Sergio bersyukur karena sebelumnya ia terancam tidak bisa melanjutkan pendidikan ke jenjang SMA di Kota Serui akibat keterbatasan biaya. Kakek dan neneknya, Simson dan Tirsa, hanya mengandalkan hasil kebun kopi dan pekerjaan serabutan sebagai tukang bangunan, sementara mereka juga harus membiayai kuliah salah satu anak di kota.
“Tete tidak setuju lanjut sekolah karena tidak ada biaya, tapi mungkin ada rezeki untuk saya,” tuturnya.
Sejak kecil Sergio tinggal bersama kakek dan neneknya setelah orang tuanya berpisah. Menyadari harus hidup jauh dari rumah, Sergio berinisiatif mengajak temannya, Sepnat Karubaba, untuk ikut mendaftar sebagai siswa Sekolah Rakyat. Sepnat merupakan teman SD dan SMP Sergio di kampung, meski usianya dua tahun lebih tua. Awalnya ibu Sepnat keberatan, namun ayahnya akhirnya mengizinkan.
“Saya ajak dia masuk, supaya ada teman bisa sama-sama masuk sini,” katanya.
Teman Berburu di Hutan
Bagi Sergio, Sepnat bukan sekadar teman sekolah, melainkan sahabat sejak kecil. Salah satu kenangan mereka adalah berjalan kaki hampir setiap hari menuju SMP yang berjarak cukup jauh dari kampung. Mereka berangkat sekitar pukul 06.00 WIT dan tiba di sekolah sekitar pukul 07.15 WIT, sering kali tanpa alas kaki memadai.
“Pakai sandal Swallow,” ujarnya.
Di waktu tertentu, Sergio dan Sepnat juga rutin masuk hutan untuk berburu, baik demi tambahan uang saku maupun sekadar ingin makan daging. Mereka menggunakan senapan angin dan jebakan, menempuh perjalanan sekitar enam jam berjalan kaki.
“Kalau ingin makan daging kuskus berburu. Saya suka berburu di hutan sama Sepnat, tembak burung, kalau malam cari kuskus, kayak kanguru pohon. Selesai jam 3 tidur menginap di goa, pagi lanjut jalan,” ucapnya.
Sergio mengaku telah mendapat izin dari kakek dan neneknya untuk berburu hewan liar. Di lingkungannya, anak-anak ikut berburu merupakan hal lumrah. Orangtua mereka juga senang karena itu berarti bisa makan daging, menu istimewa.
“Kalau mau seminggu di hutan bisa tangkap 20 ekor, kalau hidup tangkap piara.

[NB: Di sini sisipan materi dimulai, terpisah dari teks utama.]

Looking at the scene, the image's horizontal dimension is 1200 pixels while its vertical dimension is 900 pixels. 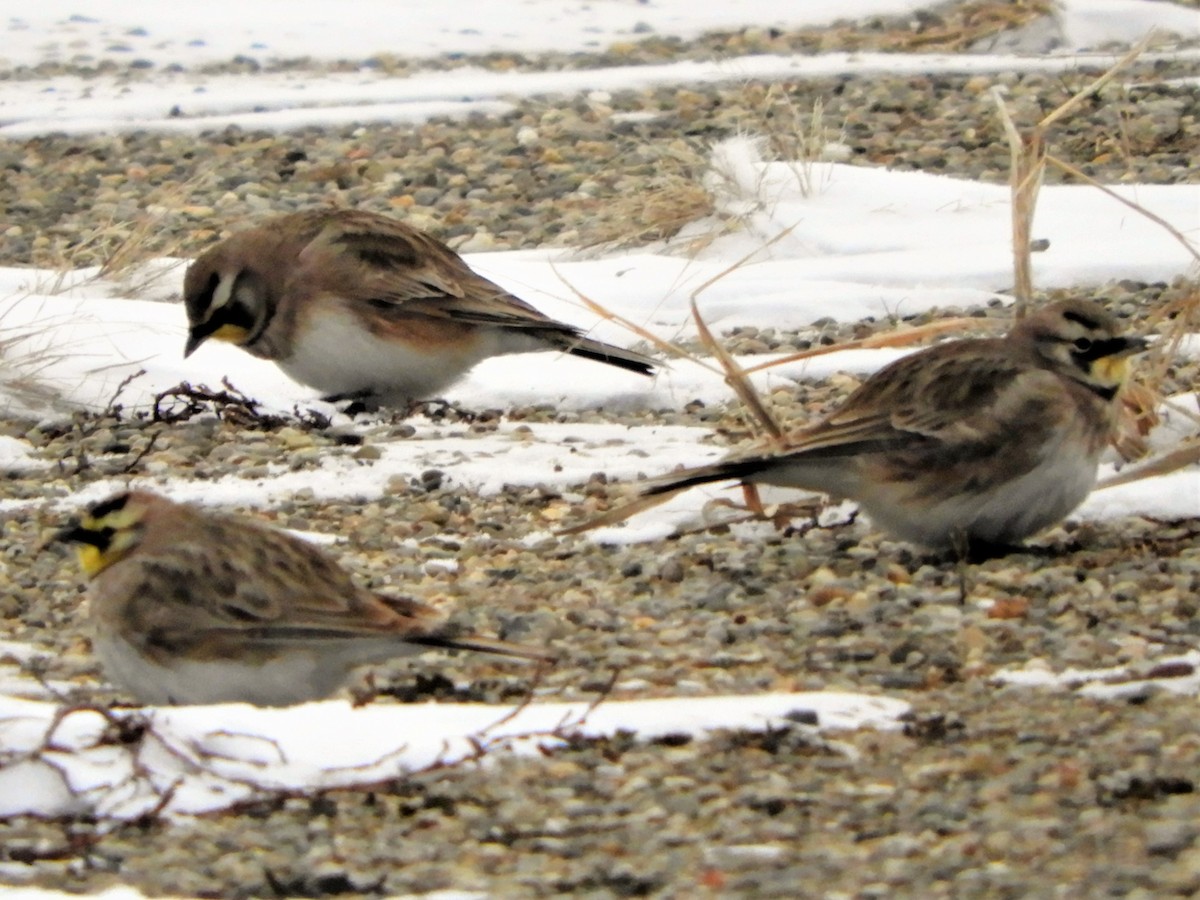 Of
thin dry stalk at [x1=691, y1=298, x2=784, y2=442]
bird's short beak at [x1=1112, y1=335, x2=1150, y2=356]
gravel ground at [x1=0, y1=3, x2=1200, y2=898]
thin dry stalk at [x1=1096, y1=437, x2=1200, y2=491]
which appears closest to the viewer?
gravel ground at [x1=0, y1=3, x2=1200, y2=898]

Dipotong dibakar lalu dimasak nene. Pernah dapat kasuari, soa soa, tikus, ular pohon itu kesukaanku,” katanya.
Kehidupan di Asrama Sekolah Rakyat
Hari-hari awal di asrama Sekolah Rakyat menjadi tantangan tersendiri bagi Sergio dan Sepnat. Keduanya sempat merasa rindu rumah dan harus beradaptasi dengan lingkungan baru. Meski sama-sama dari Papua, bahasa daerah mereka berbeda dengan sebagian siswa lain dari Jayapura.
Namun, proses adaptasi terbantu oleh kepala sekolah, guru, wali asuh, wali asrama, dan tenaga pendidik di SRMA 29 Jayapura. Di balik tantangan tersebut, Sergio mendapatkan banyak hal baru. Ia tersenyum sambil menunjukkan sepatu dan tas yang diterima secara gratis.
“Di rumah tidur pakai tikar, di sini pakai kasur, enak di sini. SMP sekolah pakai sandal di sini pakai sepatu. Sepatu dapat, baju olahraga, baju harian,” jelasnya.
Di Sekolah Rakyat, Sergio juga lebih fokus belajar dan disiplin mengatur waktu, mulai dari tidur, makan, belajar, hingga bermain. Ia pun tidak perlu lagi berburu ke hutan untuk makan daging.
“Kalau di sini belajar, kalau di kampung berburu. Kalau di sini dagingnya beda, daging ayam, daging ikan,” ujarnya.
Kejar Cita-Cita
Melalui Sekolah Rakyat, Sergio dan Sepnat melihat dunia yang lebih luas dan memiliki banyak teman dari berbagai latar belakang. Bahkan, empat guru mereka berasal dari Jawa. Kini, Sergio bercita-cita menjadi pegawai PLN agar dapat menerangi kampung halamannya. Ia menjelaskan listrik baru masuk kawasan tempat tinggalnya tahun 2019 silam.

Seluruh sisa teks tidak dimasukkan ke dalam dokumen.